» Source material
+ + + +

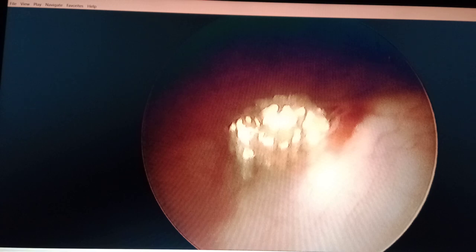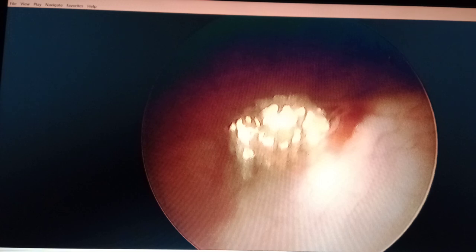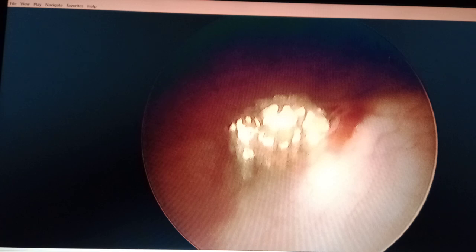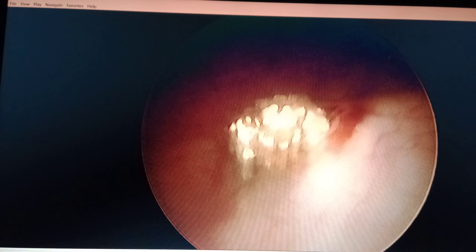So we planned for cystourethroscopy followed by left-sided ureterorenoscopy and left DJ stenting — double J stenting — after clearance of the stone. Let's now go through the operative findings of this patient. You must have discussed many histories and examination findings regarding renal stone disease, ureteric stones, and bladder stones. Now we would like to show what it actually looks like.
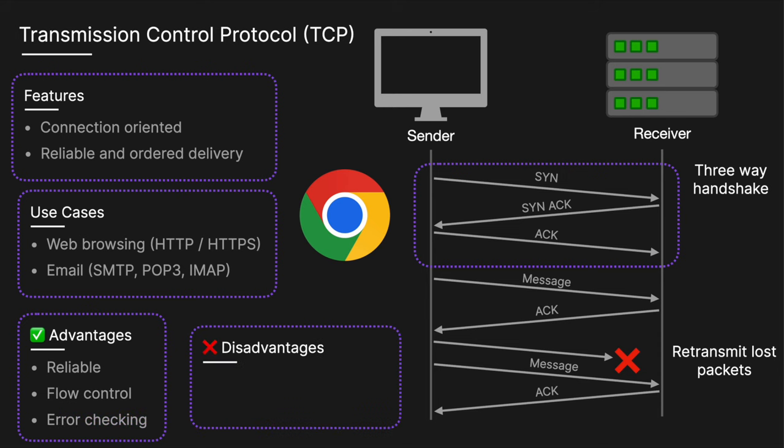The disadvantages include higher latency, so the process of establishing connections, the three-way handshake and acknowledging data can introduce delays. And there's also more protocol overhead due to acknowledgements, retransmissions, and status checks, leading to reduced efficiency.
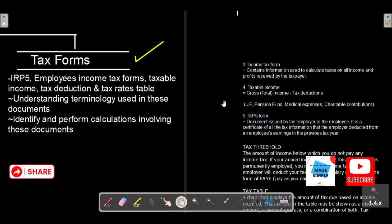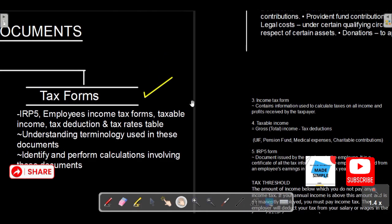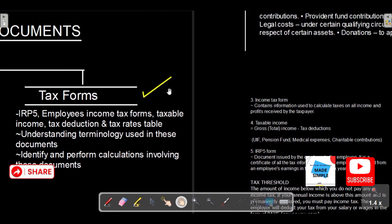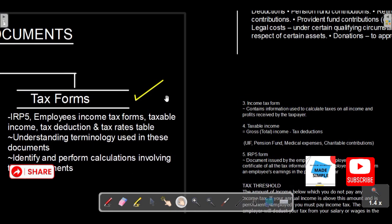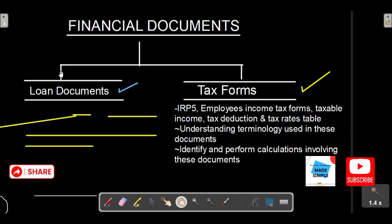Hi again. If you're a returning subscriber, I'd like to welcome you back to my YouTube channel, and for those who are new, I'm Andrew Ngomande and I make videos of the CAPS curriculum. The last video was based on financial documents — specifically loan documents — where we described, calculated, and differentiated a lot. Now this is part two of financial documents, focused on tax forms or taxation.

+ + + +

» Work request
Reproduce every line of the material precisely, omitting its pictures.

» Reply to the task
So we planned for cystourethroscopy followed by left-sided ureterorenoscopy and left DJ stenting — double J stenting — after clearance of the stone. Let's now go through the operative findings of this patient. You must have discussed many histories and examination findings regarding renal stone disease, ureteric stones, and bladder stones. Now we would like to show what it actually looks like.
The disadvantages include higher latency, so the process of establishing connections, the three-way handshake and acknowledging data can introduce delays. And there's also more protocol overhead due to acknowledgements, retransmissions, and status checks, leading to reduced efficiency.
Hi again. If you're a returning subscriber, I'd like to welcome you back to my YouTube channel, and for those who are new, I'm Andrew Ngomande and I make videos of the CAPS curriculum. The last video was based on financial documents — specifically loan documents — where we described, calculated, and differentiated a lot. Now this is part two of financial documents, focused on tax forms or taxation.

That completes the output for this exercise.